* _The problem_:
Among the lines below, keep only those from the one containing "3rd image of 1753 N Newland Ave" through the one containing "1529 DEKALB STREET Unit: 130", and reproduce them exactly.

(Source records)
----------------------------------------

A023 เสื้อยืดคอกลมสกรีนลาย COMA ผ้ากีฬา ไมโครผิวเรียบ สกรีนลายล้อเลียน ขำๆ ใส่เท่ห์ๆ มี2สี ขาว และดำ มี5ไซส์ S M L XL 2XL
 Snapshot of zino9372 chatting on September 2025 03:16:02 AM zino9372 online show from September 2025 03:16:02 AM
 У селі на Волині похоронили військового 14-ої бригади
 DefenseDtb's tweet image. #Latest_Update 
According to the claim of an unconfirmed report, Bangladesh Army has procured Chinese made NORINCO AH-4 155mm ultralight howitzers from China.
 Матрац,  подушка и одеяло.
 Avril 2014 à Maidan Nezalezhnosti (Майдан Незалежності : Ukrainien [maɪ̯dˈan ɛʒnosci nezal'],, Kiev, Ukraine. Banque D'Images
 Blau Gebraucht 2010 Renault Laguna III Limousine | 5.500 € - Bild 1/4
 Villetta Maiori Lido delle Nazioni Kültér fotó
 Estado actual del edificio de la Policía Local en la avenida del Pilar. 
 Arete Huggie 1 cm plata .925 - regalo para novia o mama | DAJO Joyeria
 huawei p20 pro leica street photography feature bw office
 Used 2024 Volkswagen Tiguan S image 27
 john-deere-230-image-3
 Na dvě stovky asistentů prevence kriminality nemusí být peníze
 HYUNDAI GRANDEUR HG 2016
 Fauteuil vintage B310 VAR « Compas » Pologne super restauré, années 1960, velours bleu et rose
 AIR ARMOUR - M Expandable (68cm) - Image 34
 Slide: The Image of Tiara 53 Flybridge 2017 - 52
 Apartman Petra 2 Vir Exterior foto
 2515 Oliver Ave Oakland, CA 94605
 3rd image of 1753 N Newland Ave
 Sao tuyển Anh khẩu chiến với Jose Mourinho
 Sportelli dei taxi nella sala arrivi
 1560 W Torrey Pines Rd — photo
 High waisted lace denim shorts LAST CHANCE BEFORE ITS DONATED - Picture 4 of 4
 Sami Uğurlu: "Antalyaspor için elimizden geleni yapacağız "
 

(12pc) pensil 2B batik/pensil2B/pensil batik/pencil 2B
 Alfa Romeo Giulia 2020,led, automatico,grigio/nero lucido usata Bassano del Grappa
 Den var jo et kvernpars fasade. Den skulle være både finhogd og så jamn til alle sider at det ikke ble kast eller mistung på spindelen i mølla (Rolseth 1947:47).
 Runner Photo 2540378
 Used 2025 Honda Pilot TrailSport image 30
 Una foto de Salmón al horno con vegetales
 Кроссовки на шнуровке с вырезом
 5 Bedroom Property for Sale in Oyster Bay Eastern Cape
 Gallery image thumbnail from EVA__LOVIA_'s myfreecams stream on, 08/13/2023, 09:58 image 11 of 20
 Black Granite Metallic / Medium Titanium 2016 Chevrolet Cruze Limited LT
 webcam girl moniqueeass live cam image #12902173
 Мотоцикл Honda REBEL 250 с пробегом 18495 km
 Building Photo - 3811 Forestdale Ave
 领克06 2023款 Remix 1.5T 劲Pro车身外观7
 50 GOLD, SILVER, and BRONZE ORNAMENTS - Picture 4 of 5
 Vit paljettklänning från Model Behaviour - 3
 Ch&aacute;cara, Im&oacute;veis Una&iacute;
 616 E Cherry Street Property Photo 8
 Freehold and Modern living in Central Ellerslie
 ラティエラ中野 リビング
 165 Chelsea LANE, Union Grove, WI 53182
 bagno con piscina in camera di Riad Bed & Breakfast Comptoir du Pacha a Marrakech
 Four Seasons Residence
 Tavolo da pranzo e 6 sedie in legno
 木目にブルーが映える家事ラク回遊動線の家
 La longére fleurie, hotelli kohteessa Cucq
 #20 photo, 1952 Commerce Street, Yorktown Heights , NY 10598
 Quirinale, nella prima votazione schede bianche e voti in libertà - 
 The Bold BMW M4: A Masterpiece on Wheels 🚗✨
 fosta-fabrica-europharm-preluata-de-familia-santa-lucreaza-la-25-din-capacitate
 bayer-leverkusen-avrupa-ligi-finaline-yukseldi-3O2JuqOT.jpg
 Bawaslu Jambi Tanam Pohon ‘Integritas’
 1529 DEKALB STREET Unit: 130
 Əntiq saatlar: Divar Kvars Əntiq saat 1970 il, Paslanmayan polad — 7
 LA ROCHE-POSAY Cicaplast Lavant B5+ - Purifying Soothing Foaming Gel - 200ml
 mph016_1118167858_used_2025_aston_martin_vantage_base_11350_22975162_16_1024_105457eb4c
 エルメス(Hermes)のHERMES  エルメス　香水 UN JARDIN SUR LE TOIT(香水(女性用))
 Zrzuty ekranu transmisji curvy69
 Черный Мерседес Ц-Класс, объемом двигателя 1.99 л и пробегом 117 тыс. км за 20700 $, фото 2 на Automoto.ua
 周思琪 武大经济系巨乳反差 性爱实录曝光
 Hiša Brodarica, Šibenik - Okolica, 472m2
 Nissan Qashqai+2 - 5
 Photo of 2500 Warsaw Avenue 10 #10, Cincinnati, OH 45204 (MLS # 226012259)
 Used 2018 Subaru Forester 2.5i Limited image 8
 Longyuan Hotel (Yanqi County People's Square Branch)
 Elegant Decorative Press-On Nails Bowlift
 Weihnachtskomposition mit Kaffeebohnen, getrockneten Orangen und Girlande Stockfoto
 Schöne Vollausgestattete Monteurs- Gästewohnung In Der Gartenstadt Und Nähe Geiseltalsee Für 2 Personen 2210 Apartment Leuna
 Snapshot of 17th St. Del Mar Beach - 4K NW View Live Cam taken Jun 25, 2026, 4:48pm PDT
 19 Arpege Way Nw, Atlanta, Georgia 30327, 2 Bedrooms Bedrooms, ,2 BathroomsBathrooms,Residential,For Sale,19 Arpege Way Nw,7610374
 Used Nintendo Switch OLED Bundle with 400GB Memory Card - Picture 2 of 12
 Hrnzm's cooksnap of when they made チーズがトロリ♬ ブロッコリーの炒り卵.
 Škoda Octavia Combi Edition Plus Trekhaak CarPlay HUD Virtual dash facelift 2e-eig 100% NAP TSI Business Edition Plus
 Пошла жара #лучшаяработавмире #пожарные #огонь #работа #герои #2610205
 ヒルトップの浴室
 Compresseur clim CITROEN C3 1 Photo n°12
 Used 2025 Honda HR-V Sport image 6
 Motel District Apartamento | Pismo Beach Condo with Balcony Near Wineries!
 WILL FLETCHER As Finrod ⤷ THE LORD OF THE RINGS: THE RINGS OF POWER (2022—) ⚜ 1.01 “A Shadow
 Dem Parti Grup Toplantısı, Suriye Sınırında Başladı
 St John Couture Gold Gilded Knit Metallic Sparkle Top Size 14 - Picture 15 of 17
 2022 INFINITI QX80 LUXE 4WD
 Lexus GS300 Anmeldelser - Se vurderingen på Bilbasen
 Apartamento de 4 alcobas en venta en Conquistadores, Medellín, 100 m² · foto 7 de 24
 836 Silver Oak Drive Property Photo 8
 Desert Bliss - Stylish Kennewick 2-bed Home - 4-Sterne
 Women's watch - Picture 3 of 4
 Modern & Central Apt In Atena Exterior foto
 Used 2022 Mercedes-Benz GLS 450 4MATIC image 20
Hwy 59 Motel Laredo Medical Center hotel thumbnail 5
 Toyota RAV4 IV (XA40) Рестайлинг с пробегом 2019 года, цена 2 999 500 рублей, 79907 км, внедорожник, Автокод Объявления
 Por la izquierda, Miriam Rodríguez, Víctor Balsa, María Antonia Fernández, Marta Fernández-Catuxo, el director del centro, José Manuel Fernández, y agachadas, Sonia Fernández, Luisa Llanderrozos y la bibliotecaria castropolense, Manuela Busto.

----------------------------------------

* _Your response_:
 3rd image of 1753 N Newland Ave
 Sao tuyển Anh khẩu chiến với Jose Mourinho
 Sportelli dei taxi nella sala arrivi
 1560 W Torrey Pines Rd — photo
 High waisted lace denim shorts LAST CHANCE BEFORE ITS DONATED - Picture 4 of 4
 Sami Uğurlu: "Antalyaspor için elimizden geleni yapacağız "
 

(12pc) pensil 2B batik/pensil2B/pensil batik/pencil 2B
 Alfa Romeo Giulia 2020,led, automatico,grigio/nero lucido usata Bassano del Grappa
 Den var jo et kvernpars fasade. Den skulle være både finhogd og så jamn til alle sider at det ikke ble kast eller mistung på spindelen i mølla (Rolseth 1947:47).
 Runner Photo 2540378
 Used 2025 Honda Pilot TrailSport image 30
 Una foto de Salmón al horno con vegetales
 Кроссовки на шнуровке с вырезом
 5 Bedroom Property for Sale in Oyster Bay Eastern Cape
 Gallery image thumbnail from EVA__LOVIA_'s myfreecams stream on, 08/13/2023, 09:58 image 11 of 20
 Black Granite Metallic / Medium Titanium 2016 Chevrolet Cruze Limited LT
 webcam girl moniqueeass live cam image #12902173
 Мотоцикл Honda REBEL 250 с пробегом 18495 km
 Building Photo - 3811 Forestdale Ave
 领克06 2023款 Remix 1.5T 劲Pro车身外观7
 50 GOLD, SILVER, and BRONZE ORNAMENTS - Picture 4 of 5
 Vit paljettklänning från Model Behaviour - 3
 Ch&aacute;cara, Im&oacute;veis Una&iacute;
 616 E Cherry Street Property Photo 8
 Freehold and Modern living in Central Ellerslie
 ラティエラ中野 リビング
 165 Chelsea LANE, Union Grove, WI 53182
 bagno con piscina in camera di Riad Bed & Breakfast Comptoir du Pacha a Marrakech
 Four Seasons Residence
 Tavolo da pranzo e 6 sedie in legno
 木目にブルーが映える家事ラク回遊動線の家
 La longére fleurie, hotelli kohteessa Cucq
 #20 photo, 1952 Commerce Street, Yorktown Heights , NY 10598
 Quirinale, nella prima votazione schede bianche e voti in libertà - 
 The Bold BMW M4: A Masterpiece on Wheels 🚗✨
 fosta-fabrica-europharm-preluata-de-familia-santa-lucreaza-la-25-din-capacitate
 bayer-leverkusen-avrupa-ligi-finaline-yukseldi-3O2JuqOT.jpg
 Bawaslu Jambi Tanam Pohon ‘Integritas’
 1529 DEKALB STREET Unit: 130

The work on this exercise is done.